From: Follicle stimulating hormone modulates ovarian stem cells through alternately spliced receptor variant FSH-R3

Figure 7

Schematic representation of the study results towards better understanding of postnatal oogenesis and follicle assembly. Small insert represents a model proposed earlier by us [34]. Blue line represents sheep ovarian surface epithelium (OSE). Gentle scraping of OSE shows the presence of epithelial cells (ECs), red blood cells (RBCs) and stem cells (VSELs, OGSCs and cysts). A crucial pluripotent marker OCT-4 (represented in brown) shows nuclear expression in VSELs and cytoplasmic in OGSCs and cyst. FSH acts via FSH receptor isoform R3 (rather than the canonical R1 isoform) on the stem cells and regulates self-renewal of VSELs increased (Oct-4A and Sox-2) and clonal expansion of the OGSCs (increased Oct-4) and formation of cysts (rapid proliferation of OGSCs with incomplete cytokinesis). The OGSCs get surrounded by somatic granulosa cells (formed by epithelial-mesenchymal transition of OSE cells) resulting in primordial follicle (PF) assembly.
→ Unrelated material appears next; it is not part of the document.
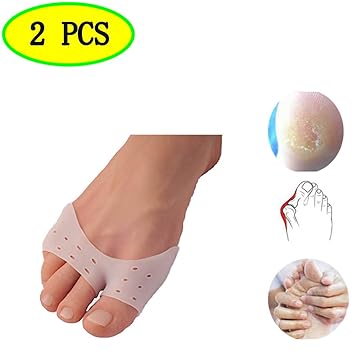 Biee 2 Pieces Half Toe Sleeve Metatarsal Pads Forefoot Bunion Ball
PF undergo transition into primary follicle and OCT-4 is observed in the ooplasm in the developing oocytes whereas the surrounding granulosa cells remain distinctly negative. In pre-antral to antral follicles, OCT-4 expression gradually decreases in the ooplasm whereas cytoplasmic OCT-4 is observed in the surrounding granulosa cells and interestingly the staining is relatively dark in cumulus granulosa cells compared to distal granulosa cells (please refer to Figure 5). In vitro matured sheep oocytes show cytoplasmic OCT-4 staining in surrounding granulosa cells which is reduced in MII compared to MI oocytes. Nuclear OCT-4 reappears in the developing embryo post-fertilization providing it a pluripotent state. In addition to OCT-4, FSHR which is also required for initial stem cell function during oogenesis exhibited a similar staining pattern.